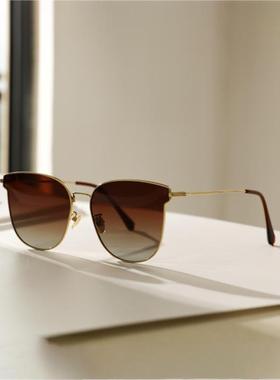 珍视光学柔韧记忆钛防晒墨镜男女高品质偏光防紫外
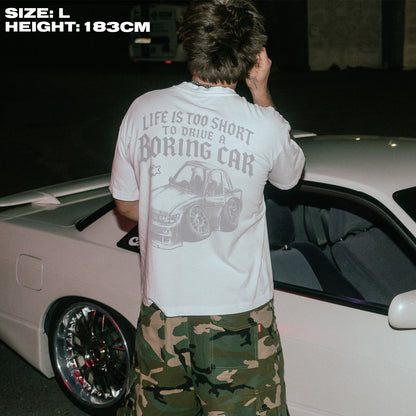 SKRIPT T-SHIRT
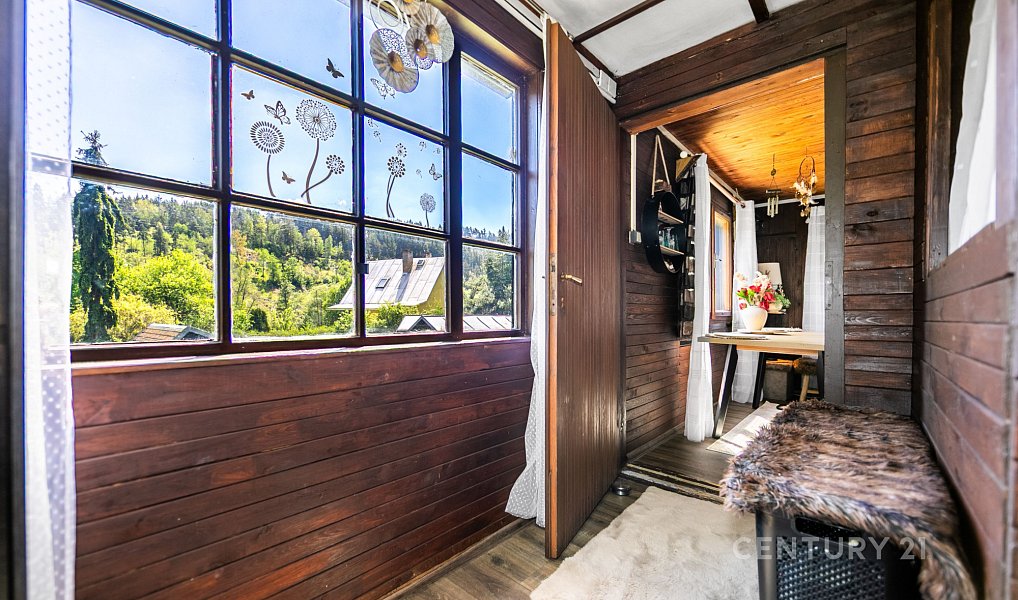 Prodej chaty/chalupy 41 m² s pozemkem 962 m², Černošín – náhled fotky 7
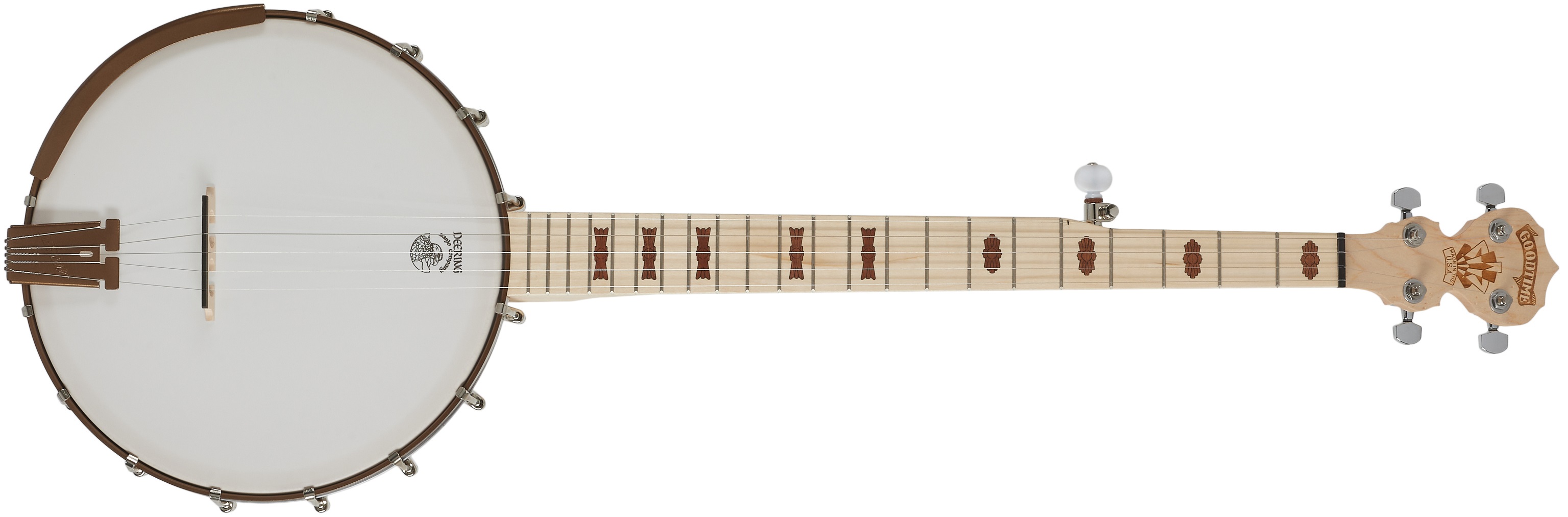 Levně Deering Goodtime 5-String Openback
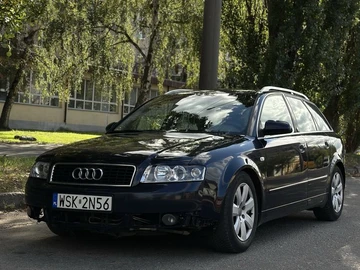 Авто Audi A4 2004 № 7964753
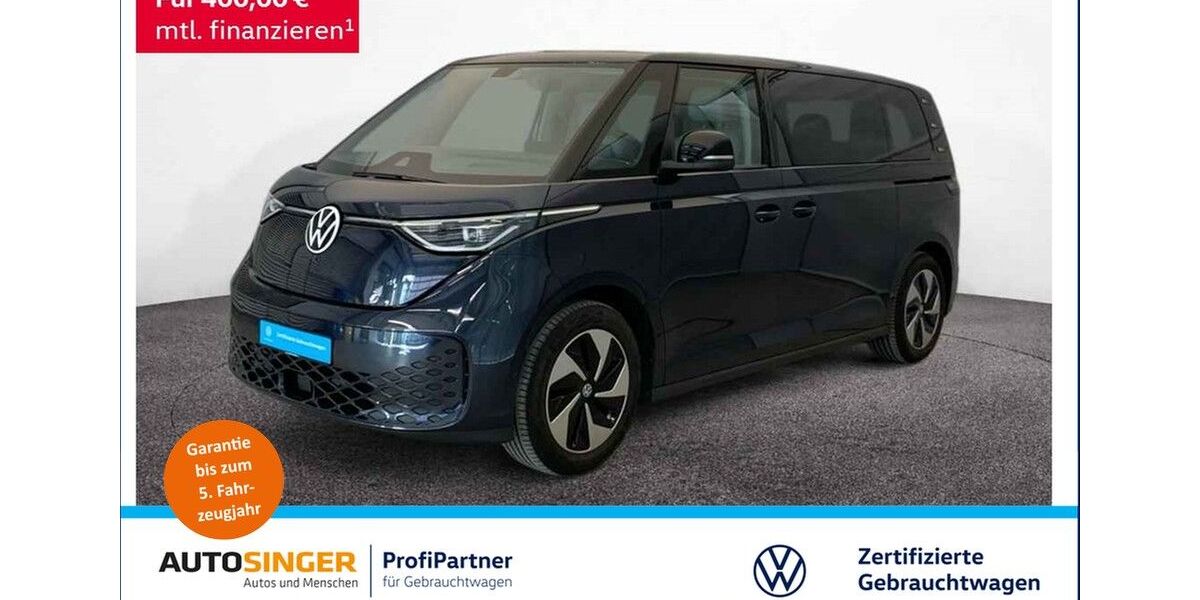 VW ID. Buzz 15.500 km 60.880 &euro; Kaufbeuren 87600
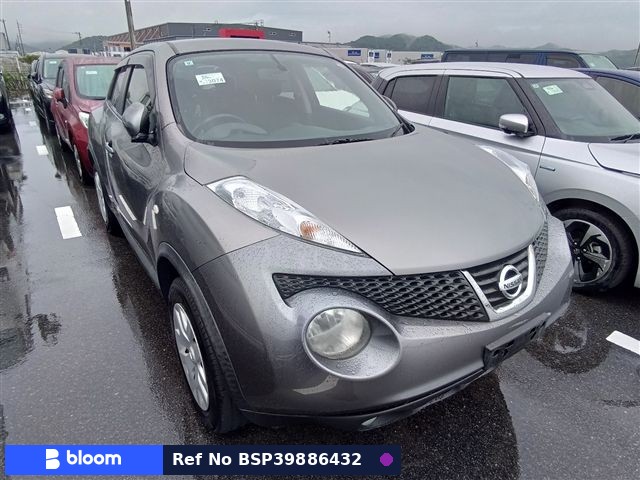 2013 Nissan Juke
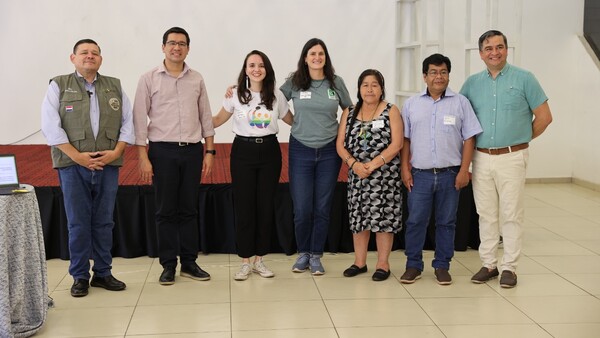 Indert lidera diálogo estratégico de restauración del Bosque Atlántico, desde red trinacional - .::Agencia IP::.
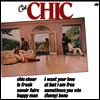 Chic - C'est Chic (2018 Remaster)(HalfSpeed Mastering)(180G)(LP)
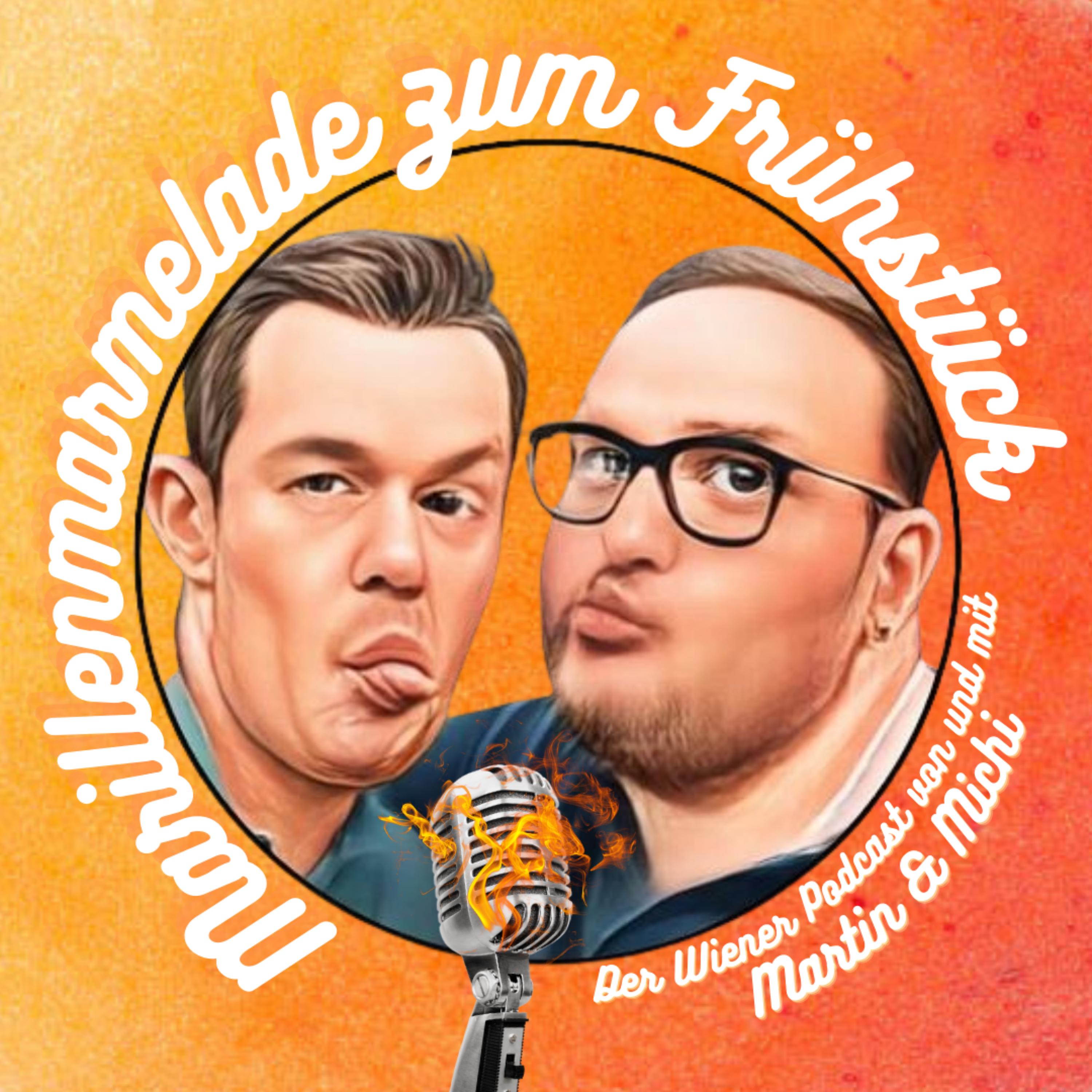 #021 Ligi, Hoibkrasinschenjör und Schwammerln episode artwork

What you have to do:
Transcribe the listing in full and omit the pictures.

Response area:
 珍视光学柔韧记忆钛防晒墨镜男女高品质偏光防紫外
 SKRIPT T-SHIRT
 Prodej chaty/chalupy 41 m² s pozemkem 962 m², Černošín – náhled fotky 7
 Levně Deering Goodtime 5-String Openback
 Авто Audi A4 2004 № 7964753
 VW ID. Buzz 15.500 km 60.880 &euro; Kaufbeuren 87600
 2013 Nissan Juke
 Indert lidera diálogo estratégico de restauración del Bosque Atlántico, desde red trinacional - .::Agencia IP::.
 Chic - C'est Chic (2018 Remaster)(HalfSpeed Mastering)(180G)(LP)
 #021 Ligi, Hoibkrasinschenjör und Schwammerln episode artwork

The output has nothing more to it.